Todos chutaram na trave
Os jornais erraram feio na cobertura do referendo na Venezuela.
Mas nenhum deles errou tanto quanto O Estado de S.Paulo.
Todos cravaram em suas edições de hoje que a maioria dos venezuelanos escolheria o ‘sim’ em apoio à reforma constitucional proposta por Hugo Chávez.
Mas tiveram o cuidado de ponderar que se tratava de pesquisa de boca-de-urna, de tendência ainda não confirmada no encerramentos de suas edições.
O Estadão definiu na manchete: ‘Referendo aumenta poderes de Chávez’.
No final, o ‘não’ venceu.
A Folha ressalvou na manchete que se tratava ainda de projeções de pesquisas de boca-de-urna, mas insinuou uma relação entre a disputa na Venezuela e a suposta intenção do presidente Lula de buscar um terceiro mandato.
As reportagens da Folha sobre a pesquisa que havia publicado no domingo, na qual a maioria dos brasileiros consultados havia declarado ser contra um terceiro mandado para o presidente, poderiam induzir o leitor a misturar os dois cenários.
Não há qualquer relação possível entre o referendo proposto por Hugo Chávez em torno de mudanças na Constituição da Venezuela e especulações, já muitas vezes desmentidas, de que o Brasil poderia mudar as regras eleitorais para permitir a reeleição de Lula em 2010.
Ainda antes de os jornais chegarem às bancas, as edições online já informavam que a proposta de Chávez havia sido rejeitada.
Hoje é dia de muita criatividade nas redações, para explicar ao leitor como foi tomada a decisão de apostar num resultado que estava errado.
Quantos institutos de pesquisa previram a vitória do ‘sim’?
Quais eram os números disponíveis quando as edições foram fechadas?
O que fazer com todas aquelas análises prevendo um futuro sombrio para as democracias na América Latina?

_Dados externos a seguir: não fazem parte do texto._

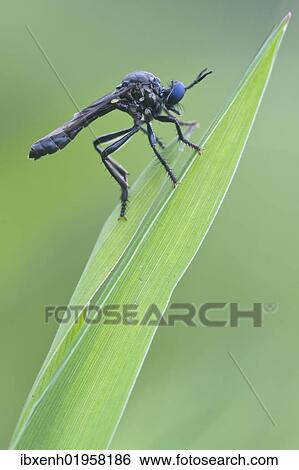 "Violet black-legged robber fly (Dioctria atricapilla), Haren, Emsland region, Lower Saxony, Germany, Europe" View Large Photo Image Stock Photograph - "Violet black-legged robber fly (Dioctria atricapilla), Haren, Emsland region, Lower Saxony, Germany, Europe". Fotosearch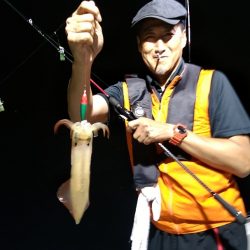 LUSTER『ラスター』 釣果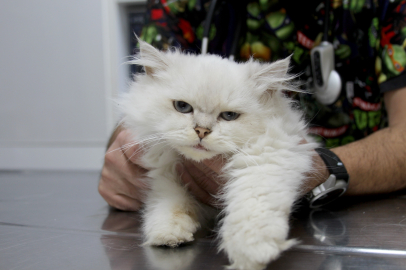 Dünyada benzeri olmayan anomalili kedi, başarılı operasyonla sağlığına kavuştu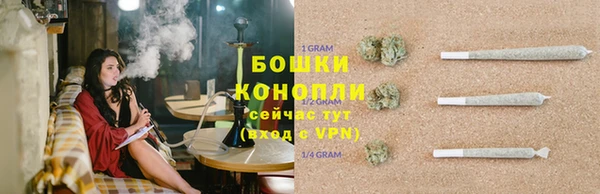 скорость Ельня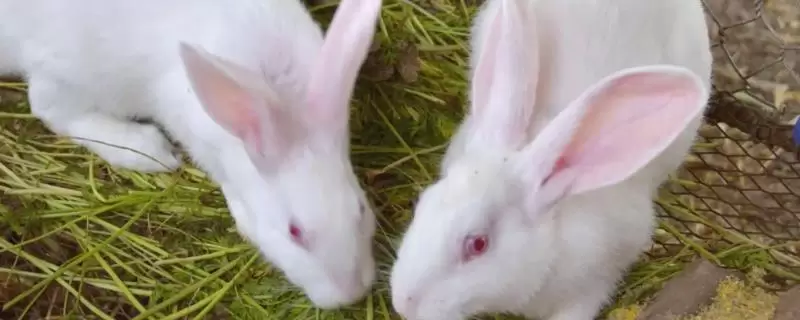 肉兔养殖成本，出栏只需4-5个月的时间插图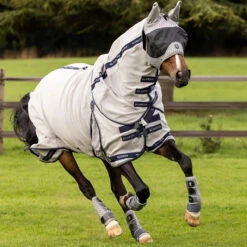 Vliegendeken LeMieux Kudos Gladiator Grijs 11 Vliegendeken LeMieux Kudos Gladiator Grijs -Default Template 3 vliegendeken lemieux kudos gladiator grijs 1500x1500 183662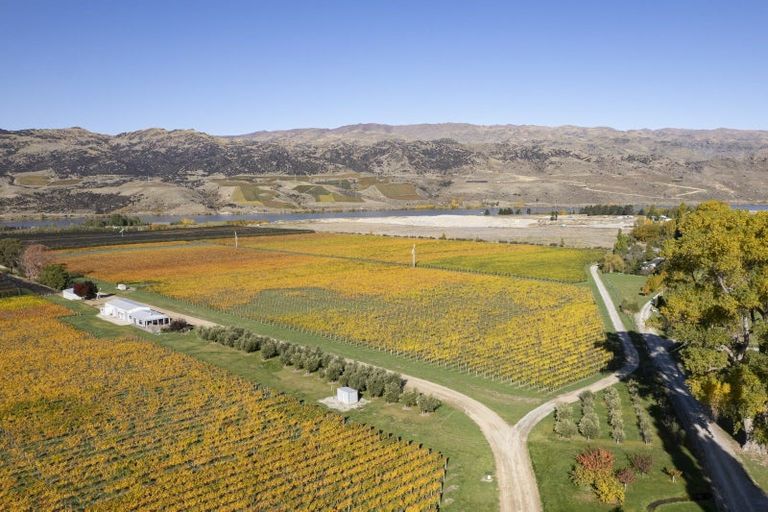 Photo of property in 1034 Luggate-cromwell Road, Mount Pisa, Cromwell, 9383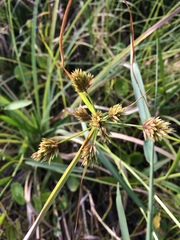 Cyperaceae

As manchetes e algumas páginas de política internacional desta segunda-feira já eram jornal velho quando saíram das impressoras.
Sem audiência
O Brasil foi apresentado ontem ao seu projeto de TV digital. Mas a festa não empolgou ninguém.
Dines:
– Deveria ser um domingo de festa televisiva. Não deu certo: a TV Digital é uma promessa vaga, indefinida e a TV-Brasil é apenas uma Medida Provisória ainda não votada. O governo tinha pressa, o calendário político exigia uma revolução na mídia eletrônica no início de 2008, ano de eleições e definições. A pressa, além de ser inimiga da perfeição, também é inimiga dos debates, prefere imposições. As duas festas foram improvisadas e decepcionantes. Mesmo com o pool montado pelas seis redes da TV comercial, a TV-Digital foi uma sessão nostalgia para lembrar a TV-Tupi combinada com um comício político. Quem está faturando a TV-Digital por enquanto é a mídia impressa, com a farta publicidade dos fabricantes de equipamentos, embora o consumidor desconheça ao certo o que vai comprar – se um receptor de alta definição ou um sistema interativo e participativo. A indicação da diretoria executiva da rede pública, a TV-Brasil, foi bem recebida, mas prejudicada pela escolha de um Conselho Curador composto majoritariamente por curiosos que não são do ramo. Desde o anúncio da rede pública ficou evidente a má-vontade dos grandes grupos privados de mídia, desinteressados em atender a fatia dos telespectadores mais exigentes. Esta má-vontade ficou patente nos últimos dias com a criação de um factóide destinado a prejudicar o lançamento da TV-Brasil. O afastamento das diretoras da antiga TV-Educativa era esperado há meses, mas os jornalões o apresentaram nos últimos dias como evidência de grandes dificuldades antes mesmo do início formal de operações. Trocas de comando são perfeitamente naturais quando empresas mudam de formato e dimensões, as páginas dos cadernos de negócio noticiam todos os dias contratações e dispensas no alto escalão. No caso da TV-Brasil a mídia privada queria forçar um trauma pré-natal. A TV-Digital significa faturamento, todos gostaram. A TV-Brasil significa uma alternativa à iniciativa privada. Ninguém gostou.